Herr Links, "Völkische Landnahme" heißt das Buch von Andrea Röpke und Andreas Speit. Warum jetzt dieser Band in Ihrem Verlag?
Christoph Links: Dieses Buch zeigt in dramatischer Deutlichkeit, wie weit der öffentliche Raum, vor allem eben auch in Dörfern auf dem Land, bereits von rechten Kräften unterwandert ist. Hier reden wir nicht mehr über eine abstrakte Gefahr, sondern über Realität. Röpke und Speit zeigen mit ganz konkreten Beispielen, wie halbe Dörfer von den Völkischen aufgekauft wurden, wie sie mit Pegida und AfD sympathisieren, von diesen politisch gestützt werden.
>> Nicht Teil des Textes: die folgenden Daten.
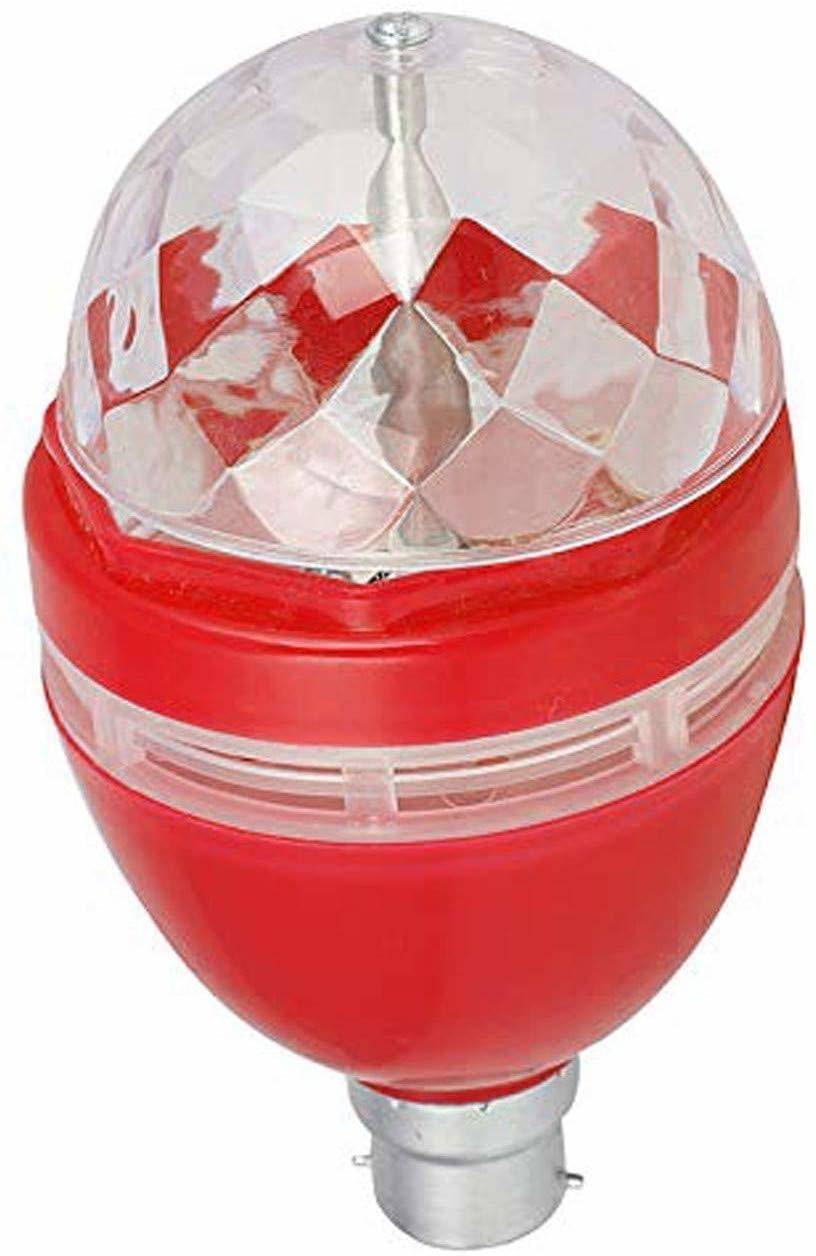     			SPARKWORLD Red Others Disco Ball ( Pack Of 1 )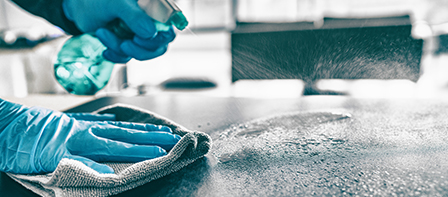 Jednorázové nitrilové rukavice pro velkou zátěž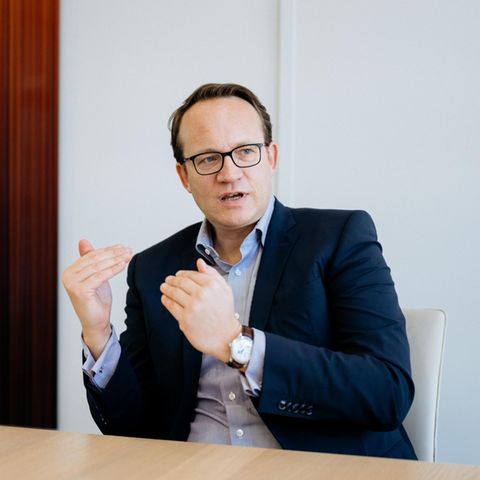 Markus Krebber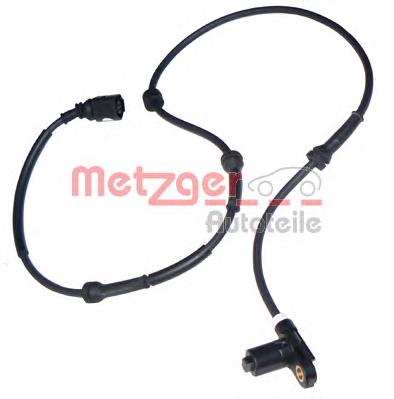 0900269 Metzger sensor abs traseiro esquerdo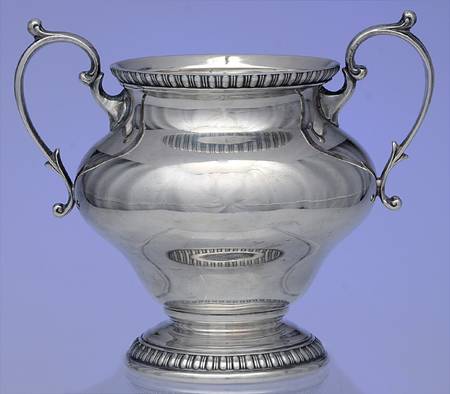 7020 (Silverplate, Hollowware) Sugar Bowl No Lid
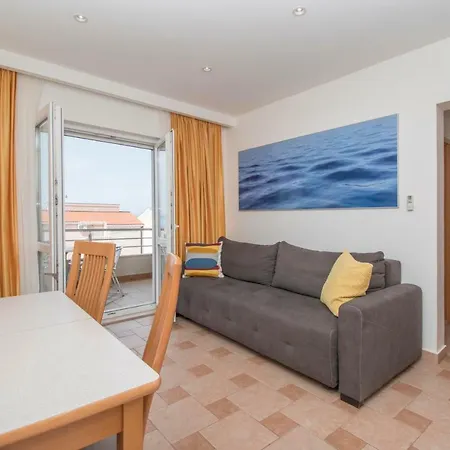 Apartments Antonio Tučepi Kültér fotó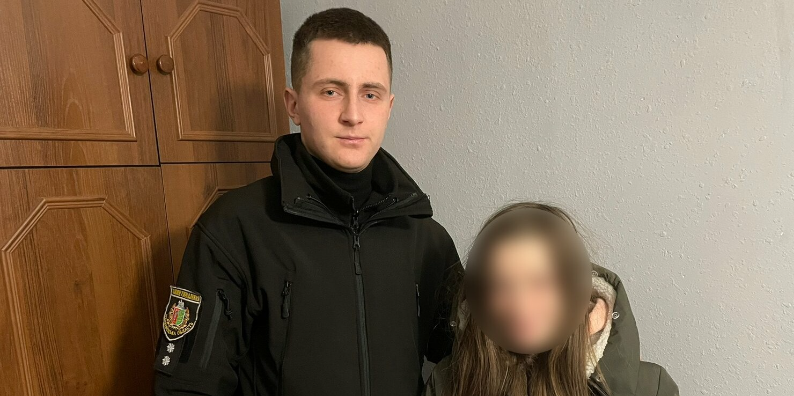 Поліцейські розшукали зниклу неповнолітню чернівчанку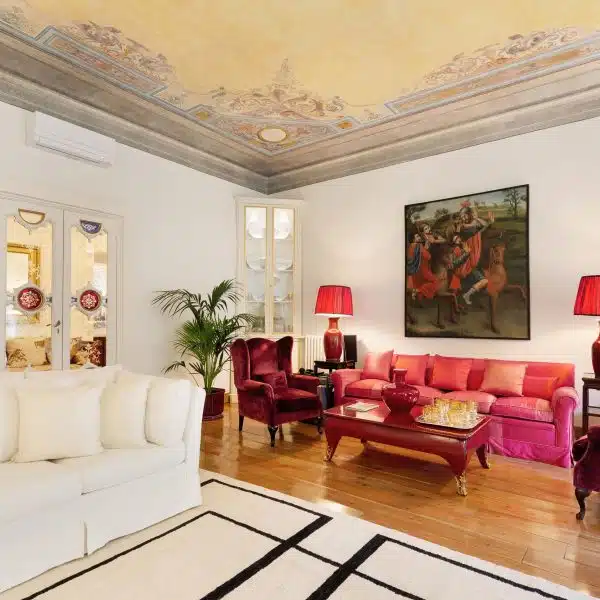 Prestigious Apartment with Terrace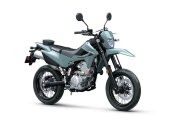 New 2025 Kawasaki KLX300 SM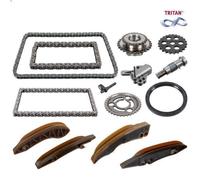 Kit de distribution par chaîne FEBI 177772 pour BMW 3 (E90) 3 2005-2011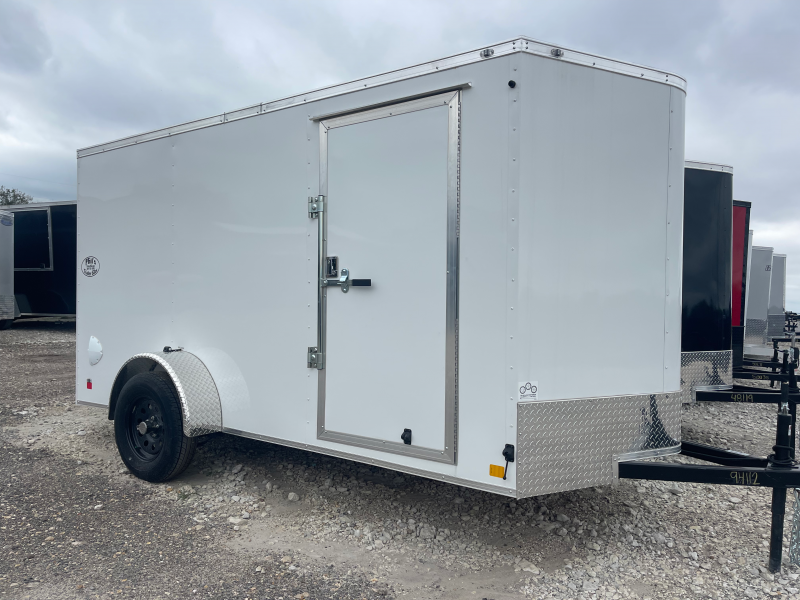 new Cargo (Enclosed) Trailers Continental Cargo  for sale, in Robinson, TX Thumbnail 5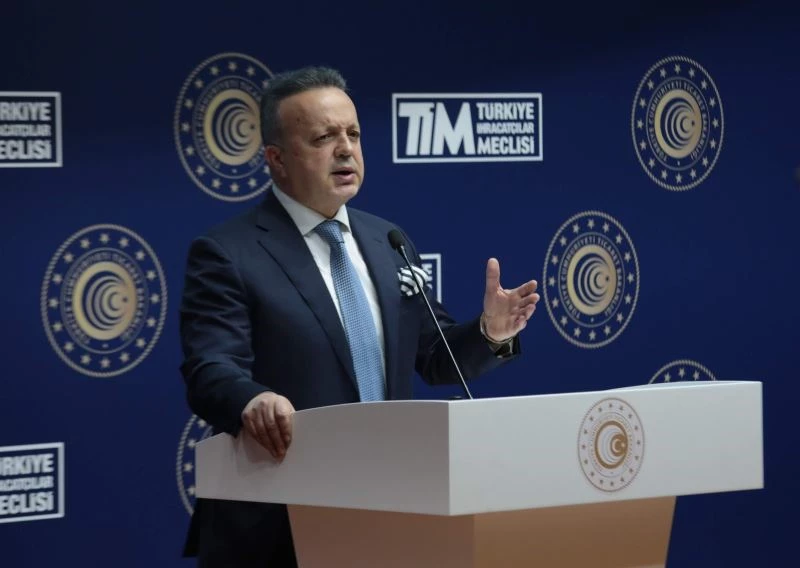 İhracat ailesi 218 ülkede Türk bayrağını dalgalandırdı
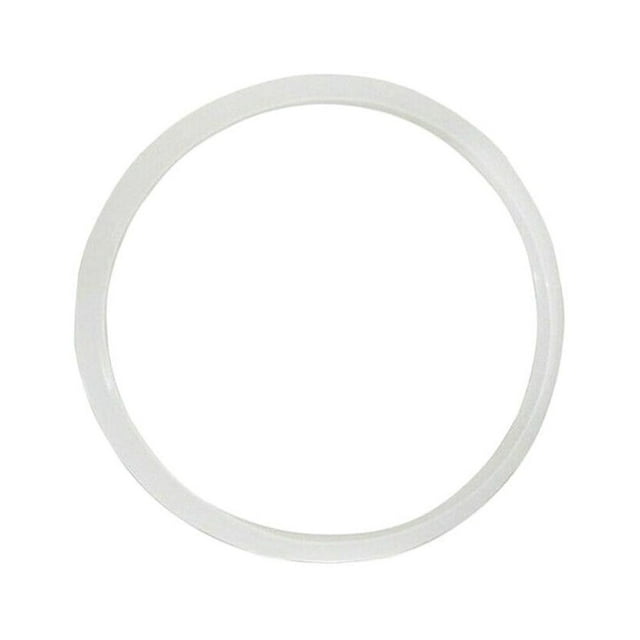 22-32cm Replacement Silicone Rubber Clear Gasket Home Rings Cooker Pressure / P6V2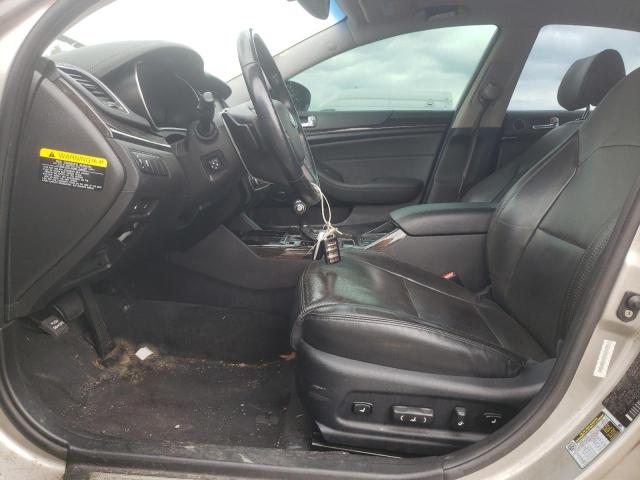 2015 KIA CADENZA PR - KNALN4D71F5175797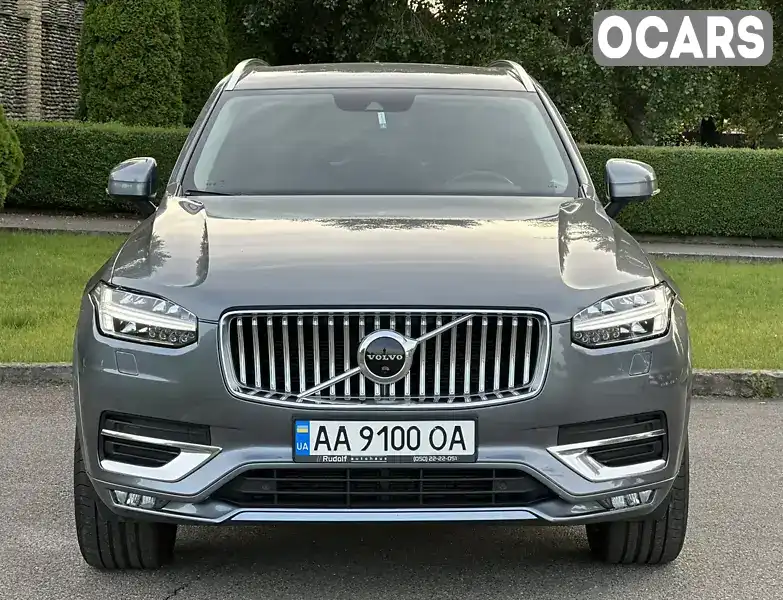 YV1LCK2UCL1557025 Volvo XC90 2019 Внедорожник / Кроссовер 2 л. Фото 7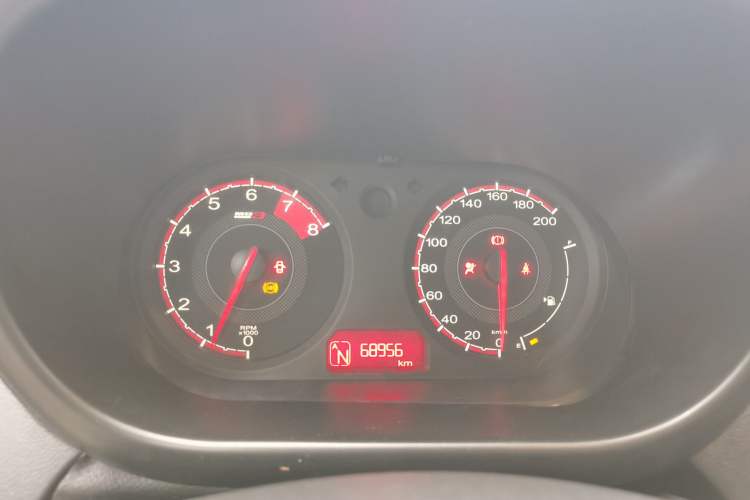 Used MG 3 2014 1.3L AMT Comfort Edition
Die Politik redet das Problem immer noch klein?
Seit dem Mord an Walter Lübcke und dem Überfall auf die Synagoge in Halle geht das nicht mehr. Sogar Horst Seehofer ist umgeschwenkt. Bücher wie diese hier sorgen dafür, dass die Gefahr nicht mehr so einfach unter den Teppich gekehrt werden kann.
Kurz nachdem das Buch erschienen ist, bekamen Sie und die Autoren innerhalb weniger Wochen 16 Abmahnungen, vier davon aus der Kanzlei Höcker in Bremen.
Ja, das ist die Kanzlei, in der jetzt auch Hans-Georg Maaßen, ehemaliger Verfassungsschutzpräsident, mitarbeitet. Wir vermuten dahinter eine gewisse Taktik: Man versucht, unsere Kräfte dahingehend zu binden, dass wir uns gegen die vielen Unterlassungsansprüche wehren müssen, anstatt weiter proaktiv zu recherchieren oder neue Bücher herauszugeben. Normalerweise würde man einem Buchverlag mehrere Tage Zeit gewähren, um auf die Abmahnungen zu reagieren und Gegenbeweise beim Gericht mit sogenannten Schutzschriften zu hinterlegen. Uns sind in der Regel aber nur ein bis zwei Tage Zeit eingeräumt worden, und der Streitwert, nach dem sich alle Folgekosten berechnen, ist außergewöhnlich hoch angesetzt worden. Das macht die Verteidigung der kritischen Aussagen über rechte Aktivisten, die wir durch die Meinungsfreiheit gedeckt sehen, für uns alle enorm teuer.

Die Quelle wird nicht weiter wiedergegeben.